-- Prompt --
Word for word, the data below must be repeated in full; no picture is to be included.

-- Data excerpt --
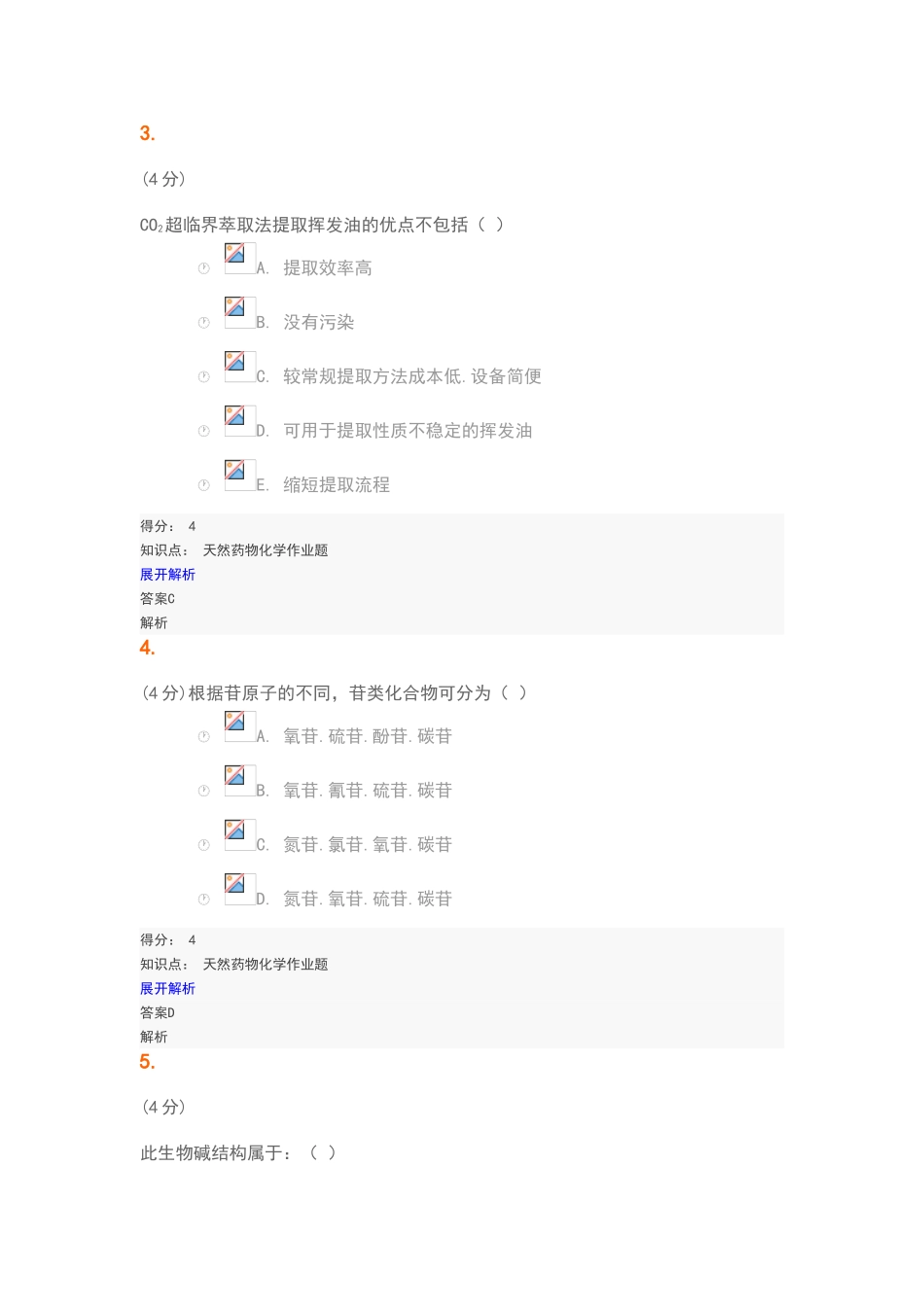 天然药物化学202508试题及答案_第2页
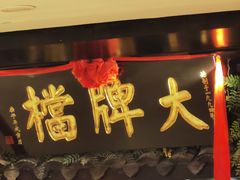 -南京大牌档(新街口德基广场店)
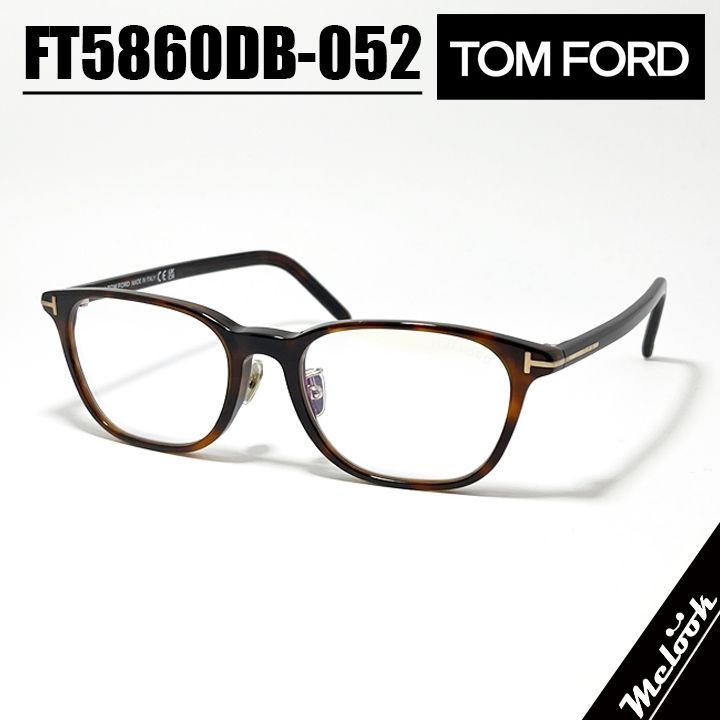 TOM FORD トムフォード クラシック メンズ レディース 眼鏡 メガネ フレーム サングラス FT5860DB-052-52 TF5860DB-052-52 ブラウンデミ ゴールド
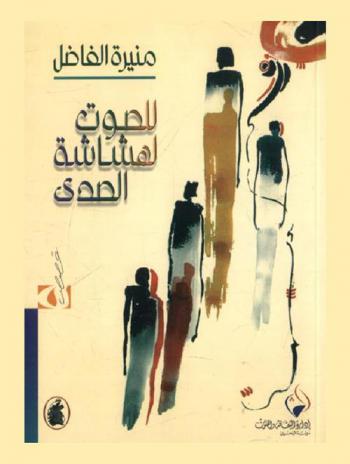  للصوت لهشاشة الصدى : قصص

-- Exercise answer --
 天然药物化学202508试题及答案_第2页
 -南京大牌档(新街口德基广场店)
 TOM FORD トムフォード クラシック メンズ レディース 眼鏡 メガネ フレーム サングラス FT5860DB-052-52 TF5860DB-052-52 ブラウンデミ ゴールド
  للصوت لهشاشة الصدى : قصص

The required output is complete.